_Data for this task_.
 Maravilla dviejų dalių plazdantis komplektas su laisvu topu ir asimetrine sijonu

--

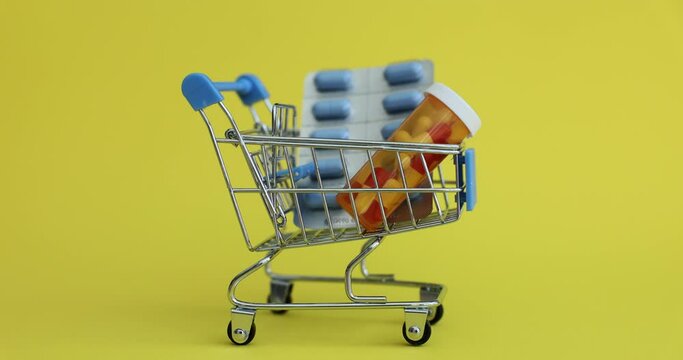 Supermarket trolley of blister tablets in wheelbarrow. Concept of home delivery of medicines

---

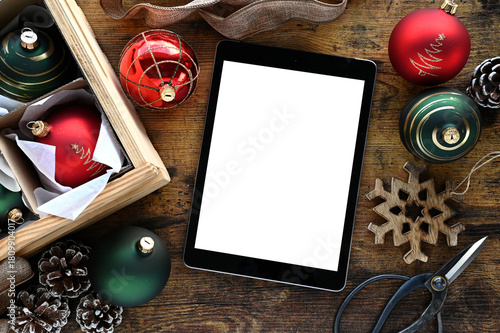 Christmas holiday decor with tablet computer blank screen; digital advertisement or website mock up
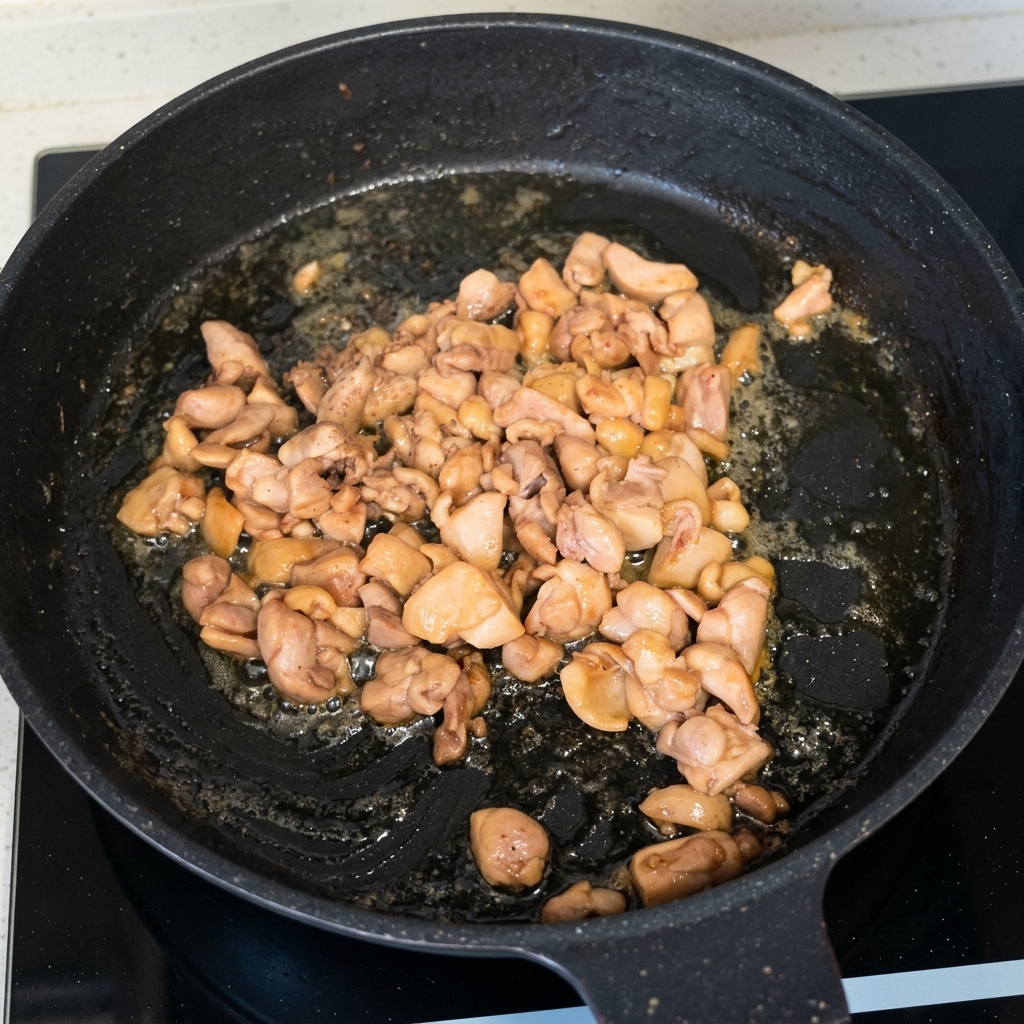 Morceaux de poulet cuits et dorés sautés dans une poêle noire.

_Exercise objective_.
Repeat, without pictures, exactly the lines of the data above from the one containing "Christmas holiday decor" through the one containing "Morceaux de poulet", including both and adding nothing.

_Task response_.
 Christmas holiday decor with tablet computer blank screen; digital advertisement or website mock up
 Morceaux de poulet cuits et dorés sautés dans une poêle noire.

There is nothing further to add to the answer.